▶ _DATA SEGMENT_:

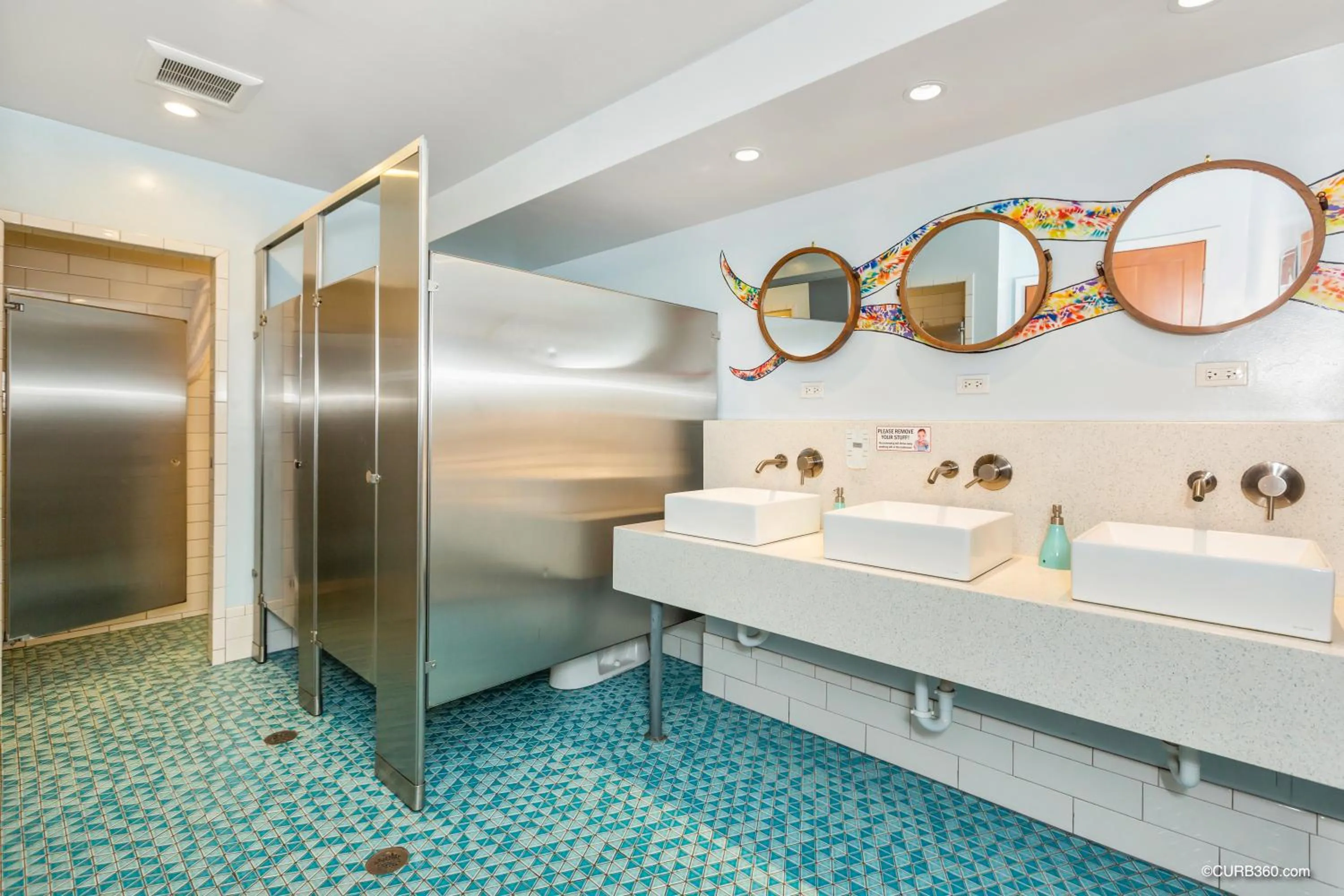 Bathroom in Samesun Ocean Beach Hotel & Hostel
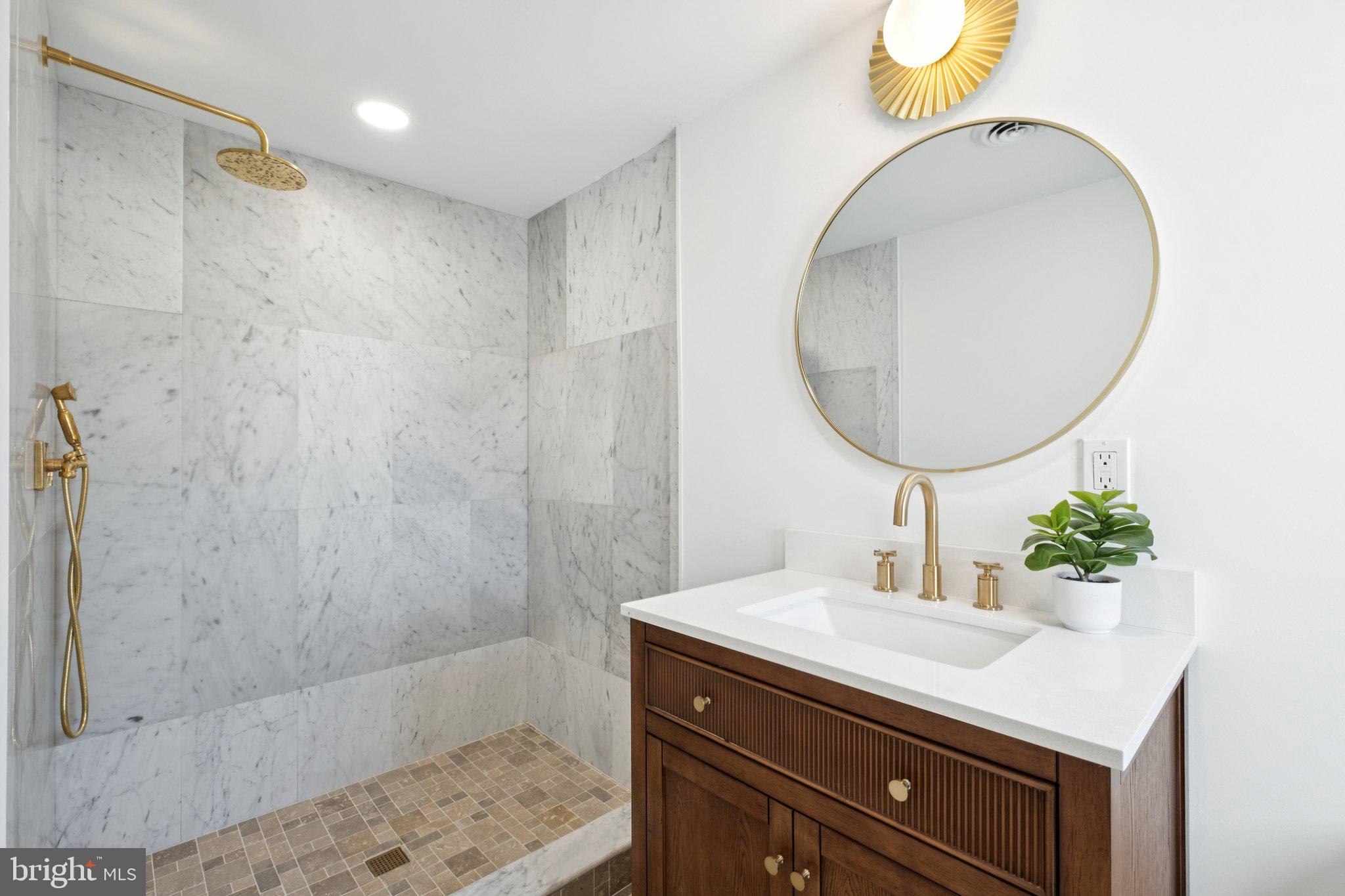 PASSYUNK SQUARE - Residential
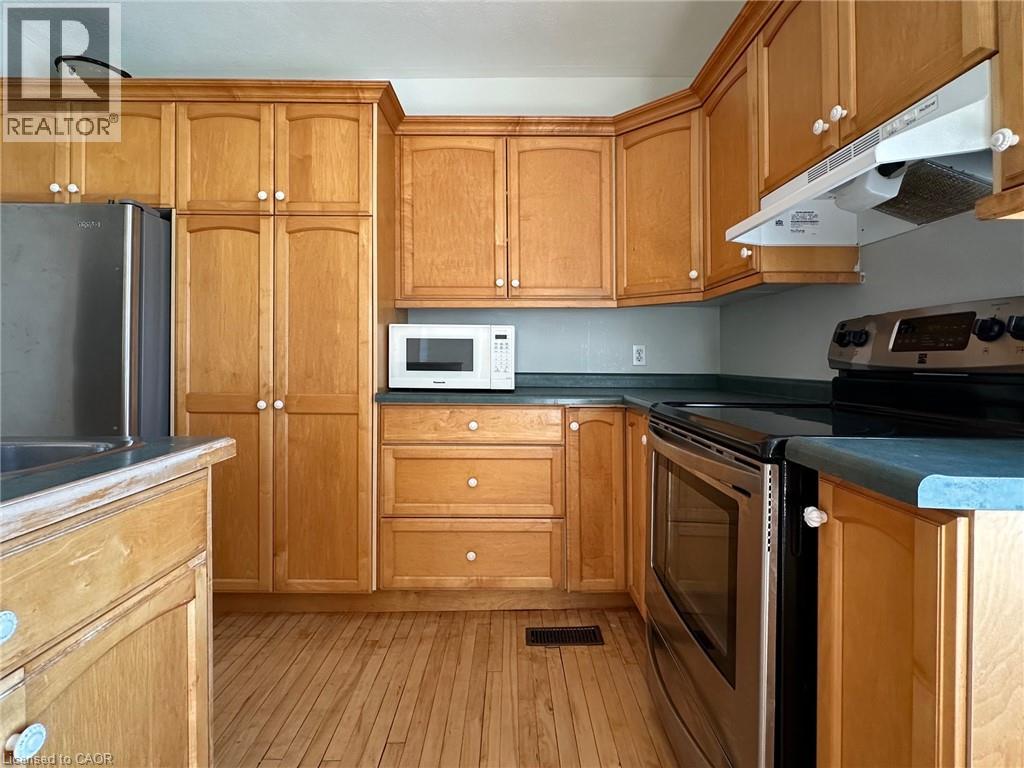 215 Main Street, Port Dover, Ontario  N0A 1N0 - Photo 19 - 40726254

▶ _TASK REQUIREMENTS_: Leaving the pictures out, output all of the listing exactly.

▶ _PROBLEM SOLUTION_:
 Bathroom in Samesun Ocean Beach Hotel & Hostel
 PASSYUNK SQUARE - Residential
 215 Main Street, Port Dover, Ontario  N0A 1N0 - Photo 19 - 40726254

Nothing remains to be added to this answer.